> _Task to complete_: The response should contain every record, reproduced exactly.
-------- Source records --------
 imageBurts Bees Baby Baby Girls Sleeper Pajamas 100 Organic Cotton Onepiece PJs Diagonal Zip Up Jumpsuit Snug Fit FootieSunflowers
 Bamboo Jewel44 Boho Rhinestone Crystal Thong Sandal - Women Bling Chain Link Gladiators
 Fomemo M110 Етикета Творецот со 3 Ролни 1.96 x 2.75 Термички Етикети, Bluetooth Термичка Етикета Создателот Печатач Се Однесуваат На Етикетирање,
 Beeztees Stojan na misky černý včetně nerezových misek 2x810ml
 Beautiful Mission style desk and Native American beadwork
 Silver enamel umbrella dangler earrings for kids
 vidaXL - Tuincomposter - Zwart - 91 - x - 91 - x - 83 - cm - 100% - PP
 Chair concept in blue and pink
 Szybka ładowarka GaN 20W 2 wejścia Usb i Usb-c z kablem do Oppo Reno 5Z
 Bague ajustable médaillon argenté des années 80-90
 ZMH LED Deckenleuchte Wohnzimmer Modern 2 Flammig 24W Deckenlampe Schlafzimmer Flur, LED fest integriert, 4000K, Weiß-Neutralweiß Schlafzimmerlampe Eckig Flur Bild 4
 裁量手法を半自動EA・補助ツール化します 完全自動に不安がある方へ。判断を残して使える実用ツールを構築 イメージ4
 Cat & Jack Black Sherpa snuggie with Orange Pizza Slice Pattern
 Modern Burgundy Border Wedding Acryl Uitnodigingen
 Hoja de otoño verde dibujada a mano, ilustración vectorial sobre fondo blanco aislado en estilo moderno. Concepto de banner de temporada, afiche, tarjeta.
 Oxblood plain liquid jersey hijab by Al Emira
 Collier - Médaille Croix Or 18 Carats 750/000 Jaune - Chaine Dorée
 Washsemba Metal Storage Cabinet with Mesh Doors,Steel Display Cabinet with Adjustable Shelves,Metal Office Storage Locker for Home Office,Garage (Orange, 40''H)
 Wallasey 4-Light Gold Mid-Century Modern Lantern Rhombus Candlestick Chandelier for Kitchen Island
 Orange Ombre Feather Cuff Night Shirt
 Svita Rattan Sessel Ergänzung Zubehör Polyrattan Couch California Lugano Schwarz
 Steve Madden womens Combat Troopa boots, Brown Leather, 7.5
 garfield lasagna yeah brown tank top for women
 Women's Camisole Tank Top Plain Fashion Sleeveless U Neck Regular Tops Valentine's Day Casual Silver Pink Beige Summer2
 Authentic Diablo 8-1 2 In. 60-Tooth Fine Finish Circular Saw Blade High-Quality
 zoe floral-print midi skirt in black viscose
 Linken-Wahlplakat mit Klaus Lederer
--------
> _Answer section_:
 imageBurts Bees Baby Baby Girls Sleeper Pajamas 100 Organic Cotton Onepiece PJs Diagonal Zip Up Jumpsuit Snug Fit FootieSunflowers
 Bamboo Jewel44 Boho Rhinestone Crystal Thong Sandal - Women Bling Chain Link Gladiators
 Fomemo M110 Етикета Творецот со 3 Ролни 1.96 x 2.75 Термички Етикети, Bluetooth Термичка Етикета Создателот Печатач Се Однесуваат На Етикетирање,
 Beeztees Stojan na misky černý včetně nerezových misek 2x810ml
 Beautiful Mission style desk and Native American beadwork
 Silver enamel umbrella dangler earrings for kids
 vidaXL - Tuincomposter - Zwart - 91 - x - 91 - x - 83 - cm - 100% - PP
 Chair concept in blue and pink
 Szybka ładowarka GaN 20W 2 wejścia Usb i Usb-c z kablem do Oppo Reno 5Z
 Bague ajustable médaillon argenté des années 80-90
 ZMH LED Deckenleuchte Wohnzimmer Modern 2 Flammig 24W Deckenlampe Schlafzimmer Flur, LED fest integriert, 4000K, Weiß-Neutralweiß Schlafzimmerlampe Eckig Flur Bild 4
 裁量手法を半自動EA・補助ツール化します 完全自動に不安がある方へ。判断を残して使える実用ツールを構築 イメージ4
 Cat & Jack Black Sherpa snuggie with Orange Pizza Slice Pattern
 Modern Burgundy Border Wedding Acryl Uitnodigingen
 Hoja de otoño verde dibujada a mano, ilustración vectorial sobre fondo blanco aislado en estilo moderno. Concepto de banner de temporada, afiche, tarjeta.
 Oxblood plain liquid jersey hijab by Al Emira
 Collier - Médaille Croix Or 18 Carats 750/000 Jaune - Chaine Dorée
 Washsemba Metal Storage Cabinet with Mesh Doors,Steel Display Cabinet with Adjustable Shelves,Metal Office Storage Locker for Home Office,Garage (Orange, 40''H)
 Wallasey 4-Light Gold Mid-Century Modern Lantern Rhombus Candlestick Chandelier for Kitchen Island
 Orange Ombre Feather Cuff Night Shirt
 Svita Rattan Sessel Ergänzung Zubehör Polyrattan Couch California Lugano Schwarz
 Steve Madden womens Combat Troopa boots, Brown Leather, 7.5
 garfield lasagna yeah brown tank top for women
 Women's Camisole Tank Top Plain Fashion Sleeveless U Neck Regular Tops Valentine's Day Casual Silver Pink Beige Summer2
 Authentic Diablo 8-1 2 In. 60-Tooth Fine Finish Circular Saw Blade High-Quality
 zoe floral-print midi skirt in black viscose
 Linken-Wahlplakat mit Klaus Lederer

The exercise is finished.